As Prosecutor, my only recourse in case of a State’s failure to comply with its obligations is to report it to the President of the ICTY, who, in turn, could bring it to the attention of the Security Council. On 4 May 2004, a report concerning the consistent failure by Serbia and Montenegro to comply with its legal obligations was forwarded by President Meron to the Council. We
urge the Council to act and put an end to this pattern of non-co-operation. If this situation was allowed to continue, it would endanger the completion strategy, and also the legacy of the Tribunal.
Mr. President, Excellencies,
The message of the victims of the worst crimes known to humankind remains constant, regardless of their community of origin. Their concern is to see that justice be done, not just simply because they wish to see the criminals punished, but also because they understand that the stability and peace in their countries rely on the judicial process. As we approach the tenth year
commemoration of both the Srebrenica genocide and the signing of the Dayton agreement, we simultaneously approach another anniversary: Radovan Karadzic and Ratko Mladic have been at large for almost ten years. How long will it be tolerated that these leaders escape justice? How long will it be tolerated that they make a parody of both justice and the repeated commitment of the
Security Council to have them arrested and tried?

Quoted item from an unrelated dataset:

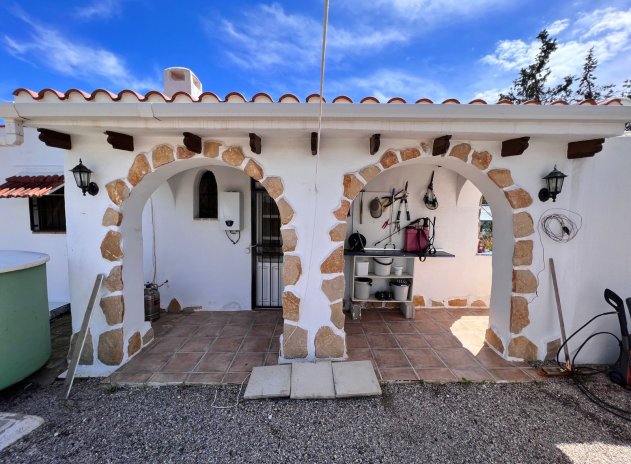 Herverkoop - Finca / Plattelands Woning - Cartagena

Mr. President, Excellencies,
Please allow me to stress once again how important your support is for the success of the Tribunal. The factors which really influence the completion strategy of the ICTY are threefold: the financial needs of the Tribunal, the timely arrest of the fugitives, and the support needed to establish credible domestic jurisdictions. All three are beyond the Tribunal’s control, but they
can and must be addressed by the international community.
When it established the Tribunal in 1993, the Council proved its commitment to Justice and the Rule of Law. In Resolution 808, it stressed its determination to put an end to the widespread crimes occurring within the territory of the former Yugoslavia, including reports of mass killings and the practice of ethnic cleansing, and to bring to justice the persons most responsible for
these crimes. Eleven years later, with all the efforts already made by the international community to halt these crimes and redress them judicially, these objectives are almost achieved. It is perhaps ironic that, just when the ICTY is gaining momentum and reaching its cruising speed, so much time is being spent discussing its end. But the completion of the mandate is now within
reach, and we can see the final years ahead of us. This period should not become simply an "end-game", with an abrupt closing, regardless of whether or not the top-leaders are apprehended and tried before the ICTY: this would negate all the efforts so far devoted and all the results already obtained.
Mr. President, Excellencies,
I join President Meron in urging the Members of the Council to continue their support for the Tribunal and to ensure that it is given the means necessary to fulfil its promise and its full potential.
I thank you for your attention and for your continued support.